Web page caption snippets
'''

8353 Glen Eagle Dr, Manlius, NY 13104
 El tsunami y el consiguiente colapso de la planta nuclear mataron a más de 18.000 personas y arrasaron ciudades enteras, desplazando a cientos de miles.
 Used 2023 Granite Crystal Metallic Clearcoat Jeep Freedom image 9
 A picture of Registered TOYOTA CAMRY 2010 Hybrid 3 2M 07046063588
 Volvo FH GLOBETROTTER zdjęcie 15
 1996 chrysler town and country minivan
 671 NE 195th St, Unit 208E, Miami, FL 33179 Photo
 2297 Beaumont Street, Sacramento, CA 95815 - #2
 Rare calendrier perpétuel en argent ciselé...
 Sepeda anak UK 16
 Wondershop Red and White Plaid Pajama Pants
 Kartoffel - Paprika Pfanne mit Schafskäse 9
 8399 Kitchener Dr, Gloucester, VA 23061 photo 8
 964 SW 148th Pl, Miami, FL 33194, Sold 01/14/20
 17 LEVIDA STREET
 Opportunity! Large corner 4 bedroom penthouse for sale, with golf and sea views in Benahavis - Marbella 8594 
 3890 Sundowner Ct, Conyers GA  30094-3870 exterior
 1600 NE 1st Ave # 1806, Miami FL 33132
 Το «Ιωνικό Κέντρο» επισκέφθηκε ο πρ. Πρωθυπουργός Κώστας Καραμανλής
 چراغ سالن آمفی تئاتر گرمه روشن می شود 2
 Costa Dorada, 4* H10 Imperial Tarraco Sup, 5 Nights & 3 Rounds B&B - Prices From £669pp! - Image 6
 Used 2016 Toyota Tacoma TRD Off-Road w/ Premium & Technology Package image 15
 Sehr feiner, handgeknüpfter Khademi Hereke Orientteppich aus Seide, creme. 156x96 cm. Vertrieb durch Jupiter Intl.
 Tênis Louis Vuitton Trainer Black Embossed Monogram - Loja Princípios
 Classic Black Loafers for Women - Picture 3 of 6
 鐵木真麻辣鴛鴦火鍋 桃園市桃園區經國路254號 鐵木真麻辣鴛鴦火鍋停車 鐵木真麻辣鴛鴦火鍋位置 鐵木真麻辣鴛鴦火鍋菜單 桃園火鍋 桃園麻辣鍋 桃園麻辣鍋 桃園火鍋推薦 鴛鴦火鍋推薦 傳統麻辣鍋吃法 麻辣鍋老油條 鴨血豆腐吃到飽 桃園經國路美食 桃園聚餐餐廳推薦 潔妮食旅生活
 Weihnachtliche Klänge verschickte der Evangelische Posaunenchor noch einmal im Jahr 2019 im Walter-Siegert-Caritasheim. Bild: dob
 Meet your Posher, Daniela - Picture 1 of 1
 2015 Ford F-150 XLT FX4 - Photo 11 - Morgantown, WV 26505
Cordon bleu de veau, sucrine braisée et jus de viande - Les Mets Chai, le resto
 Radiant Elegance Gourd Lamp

'''

Assigned task ▸ Scan the lines above for "Opportunity! Large corner" and for "Tênis Louis Vuitton". Repeat exactly the line holding each of them and every line in between.

Written solution ▸
 Opportunity! Large corner 4 bedroom penthouse for sale, with golf and sea views in Benahavis - Marbella 8594 
 3890 Sundowner Ct, Conyers GA  30094-3870 exterior
 1600 NE 1st Ave # 1806, Miami FL 33132
 Το «Ιωνικό Κέντρο» επισκέφθηκε ο πρ. Πρωθυπουργός Κώστας Καραμανλής
 چراغ سالن آمفی تئاتر گرمه روشن می شود 2
 Costa Dorada, 4* H10 Imperial Tarraco Sup, 5 Nights & 3 Rounds B&B - Prices From £669pp! - Image 6
 Used 2016 Toyota Tacoma TRD Off-Road w/ Premium & Technology Package image 15
 Sehr feiner, handgeknüpfter Khademi Hereke Orientteppich aus Seide, creme. 156x96 cm. Vertrieb durch Jupiter Intl.
 Tênis Louis Vuitton Trainer Black Embossed Monogram - Loja Princípios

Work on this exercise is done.